Risk: Q2 guidance assumes no H20 Data Center compute revenue from China due to export restrictions, and a beta of 2.2 means the next macro shock cuts deeper here than in the broader market.
Broadcom (AVGO)
Broadcom is the sharpest dip in the group. Shares finished at $372.10, down 22% in a single week and 5% on June 10 alone. The 52-week high is $495. The catalyst was a classic sell-the-news reaction to a strong report: Seeking Alpha noted that “Broadcom reported record Q2 results with significant revenue and AI semiconductor growth, but its stock dropped nearly 15% due to guidance failing to meet elevated investor expectations and a declining gross margin outlook.”

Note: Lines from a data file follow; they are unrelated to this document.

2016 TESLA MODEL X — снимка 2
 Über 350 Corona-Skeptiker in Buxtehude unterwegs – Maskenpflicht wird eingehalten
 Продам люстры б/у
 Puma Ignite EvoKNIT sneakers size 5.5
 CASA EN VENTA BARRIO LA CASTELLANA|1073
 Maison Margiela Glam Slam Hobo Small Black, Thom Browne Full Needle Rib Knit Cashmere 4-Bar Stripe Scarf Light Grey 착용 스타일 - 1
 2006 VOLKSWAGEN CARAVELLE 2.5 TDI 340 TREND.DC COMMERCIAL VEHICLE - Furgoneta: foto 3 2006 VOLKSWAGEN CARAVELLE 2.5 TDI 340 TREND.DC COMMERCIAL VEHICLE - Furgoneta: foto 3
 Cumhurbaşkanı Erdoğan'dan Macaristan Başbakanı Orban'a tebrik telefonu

That reaction looks like an overcorrection against the actual numbers. Q2 FY2026 AI semiconductor revenue came in at $10.80 billion, up 143% year over year, beating the company’s own forecast. Total revenue grew 48% YoY to $22.19 billion, and free cash flow expanded 60% to $10.26 billion. CEO Hock Tan guided Q3 AI semiconductor revenue to $16.0 billion, more than 200% YoY growth. Layer in the $35 billion AI infrastructure platform launched with Apollo and Blackstone targeting 20+ gigawatts of compute by 2028, and the multi-year visibility argument strengthens. The analyst consensus target sits at $522.06, with 92% bullish sentiment.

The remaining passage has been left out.